Are the American soldiers who abused Iraqi inmates at Abu Ghraib prison "a few who have betrayed our values," as Defense Secretary Donald Rumsfeld claims? Or are they victims of a prison system guaranteed to produce atrocities?
In recent days, the latter view has taken hold, buttressed by the Stanford Prison Experiment, a 1971 study in which upstanding young men assigned to be "guards" in a mock jail abused their "prisoners." The study's designer, former Stanford professor Philip Zimbardo, has become the media's favorite expert on prison abuse, imprinting his blame-the-situation attitude on newspaper, magazine, and television coverage of the Iraqi prison scandal. The emerging spin is that the Stanford experiment explains scientifically what happened at Abu Ghraib.

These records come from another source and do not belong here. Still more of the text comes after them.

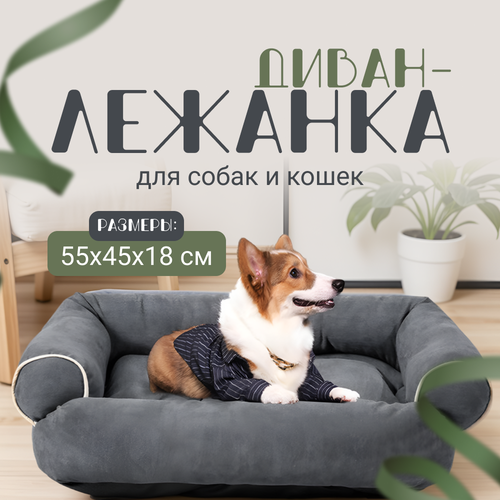 Лежанка для собак и кошек ZOOWELL Classic Диван кровать для животных с бортиками, 55*45*18 см фотография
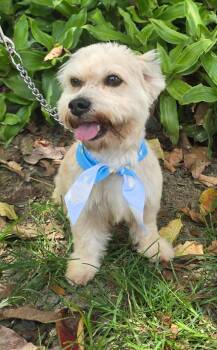 Yorkshire Terrier Dogs Available for Adoption in Virginia Beach, Virginia - Levi  | PetCurious
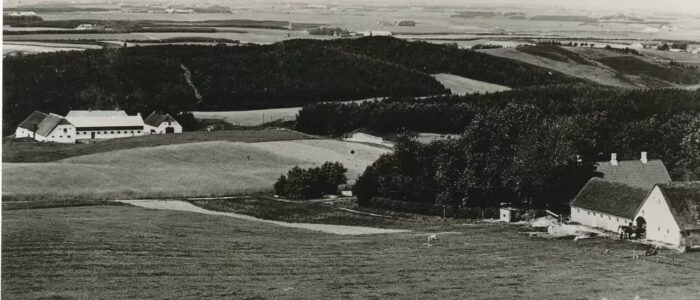 Tolne-udsigt-fra-tolne-bjerg-til-oestetgaard-pg-vestergaard Foto: Tolne, udsigt mod VNV fra Tolne Bjerg.- tv. Vestergaard th. Østergaard. Fra: Arkiv.dk.
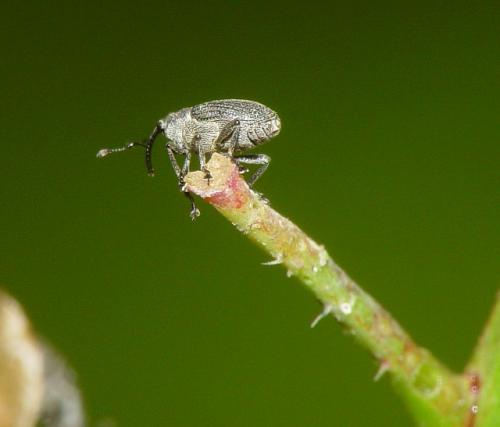 Ceutorhynchus sp.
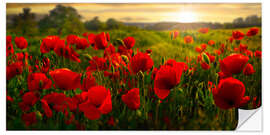 Sticker mural Poppy Field at Sunset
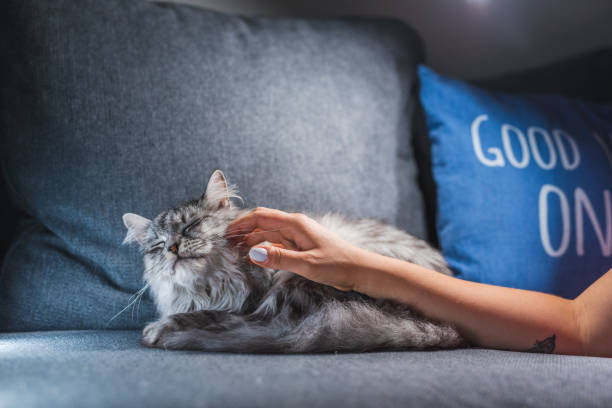 istock Gray Cat Enjoying Being Petted By Her Owner 1282858329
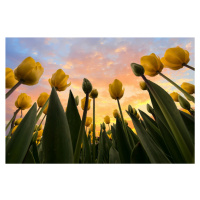 Umělecká fotografie Yellow Tulips, Merthan Kortan, (40 x 26.7 cm)
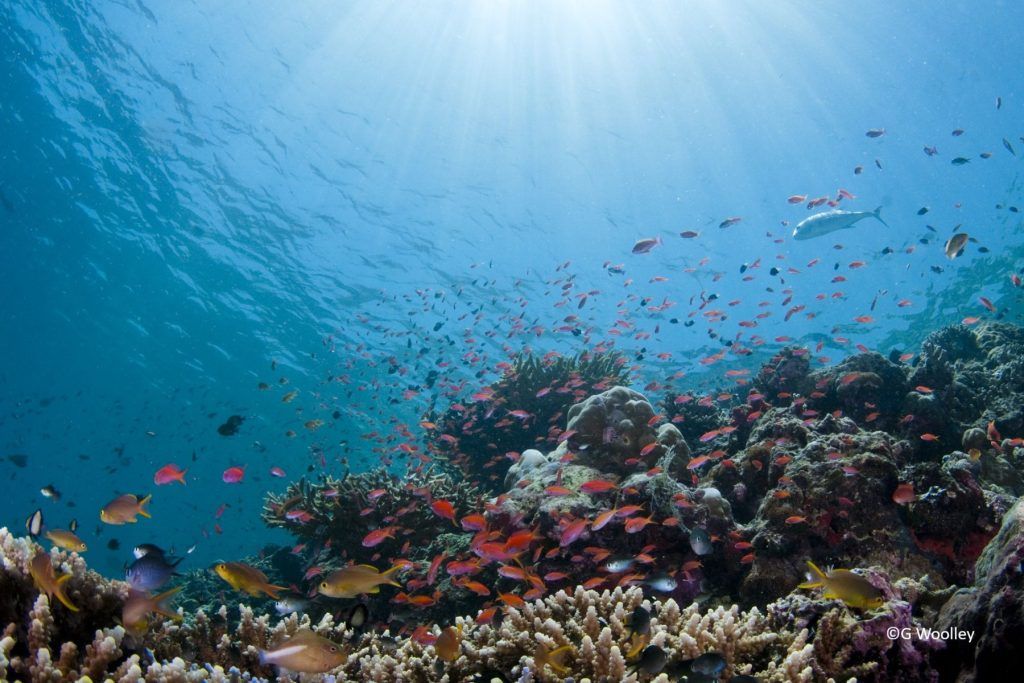 Underwater
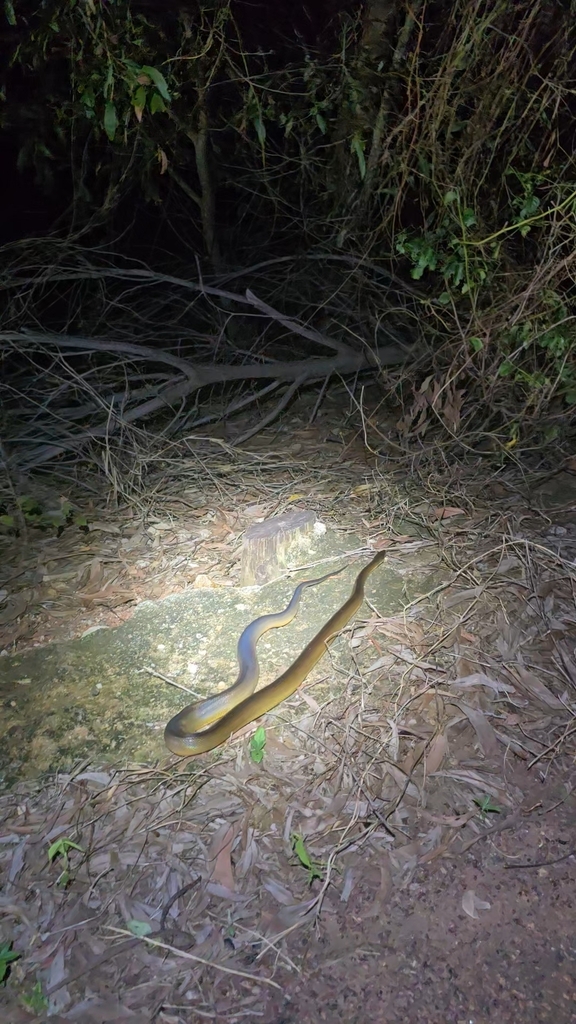 Water Python in December 2025 by amelielague · iNaturalist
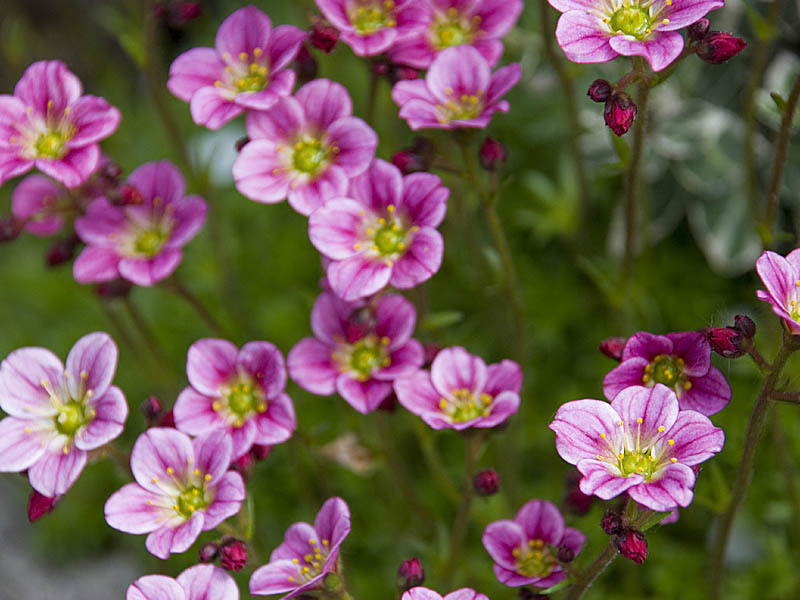 Shadow saxifrage voi kasvaa jopa puutarhan vaikeimmin varjostetuilla alueilla.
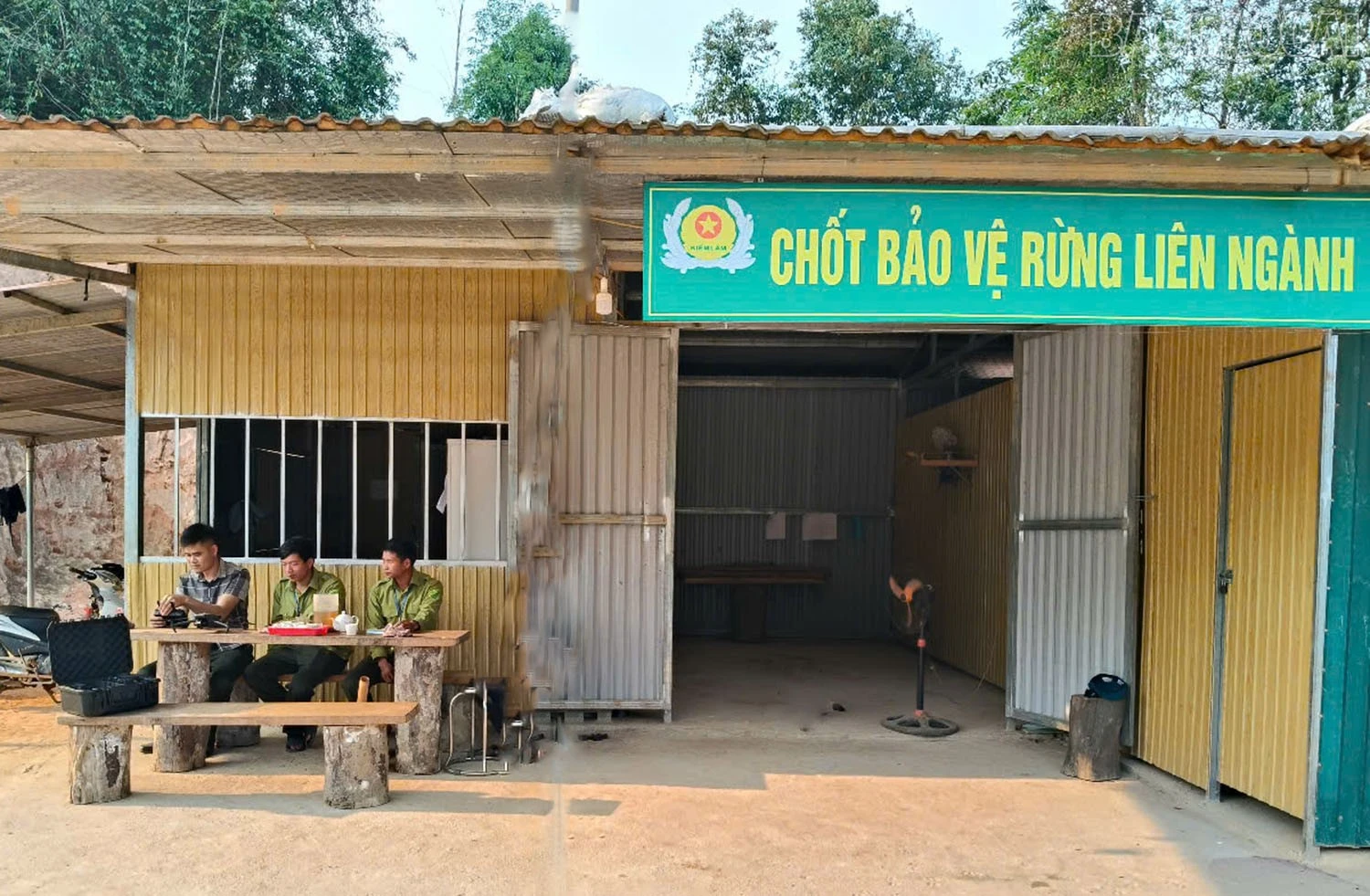 baolaocai-tr_1.jpg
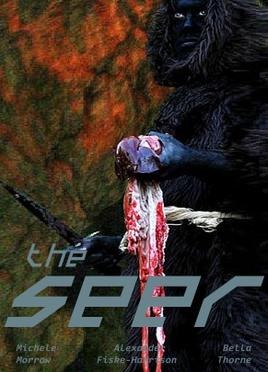 The Seer poster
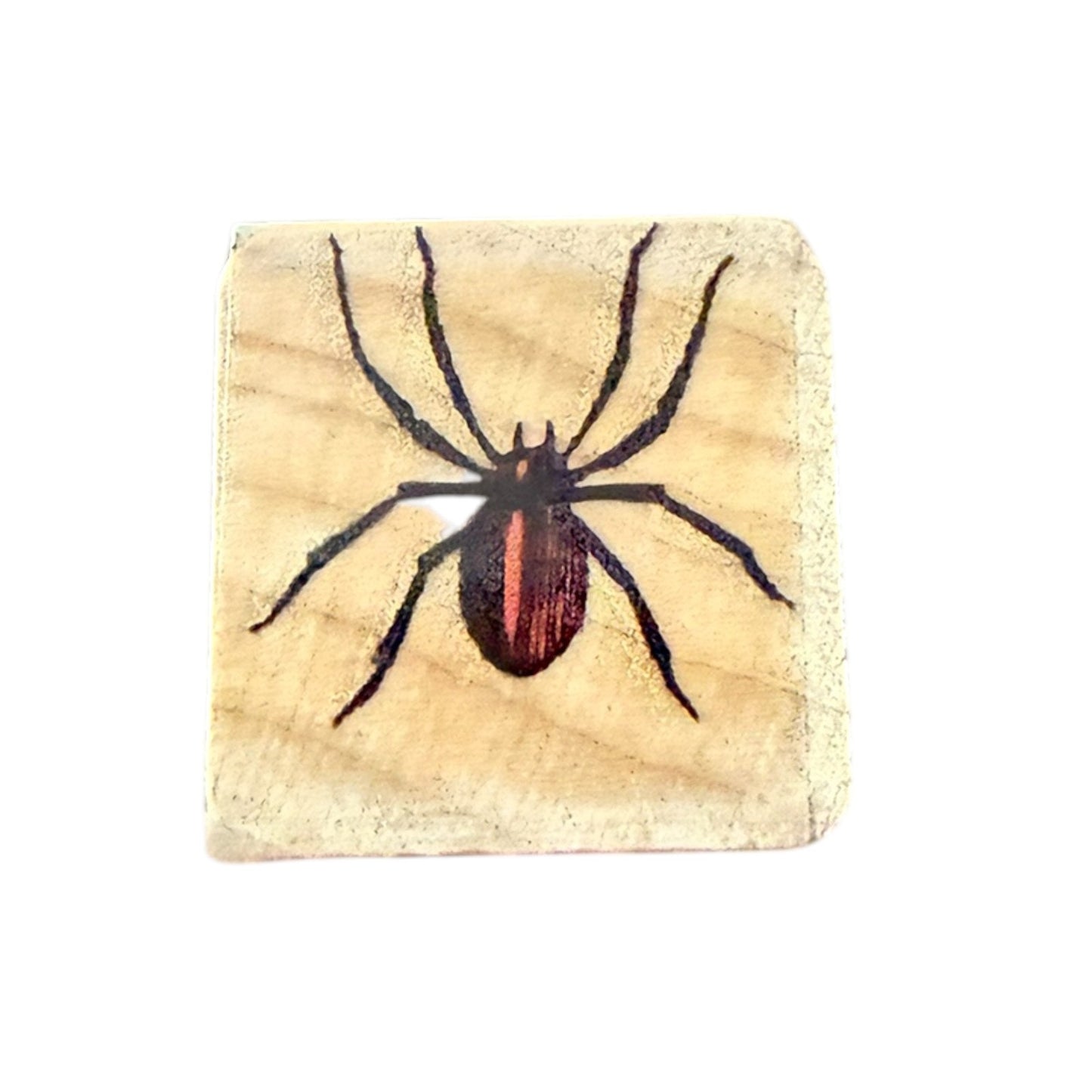 Stamp with a spider design on a wooden background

But science, particularly social science, isn't all scientific. Every experimenter begins by drawing a box. Inside the box are the factors he decides to control or measure. The rest—including him—are left out, either because he can't control or measure them, or because he doesn't think they're important. The box-drawing process is seldom scientific and often cultural or political. Consequently, excluded factors often turn out to be more important than included ones. That's why the Stanford experiment doesn't explain—or excuse—Abu Ghraib.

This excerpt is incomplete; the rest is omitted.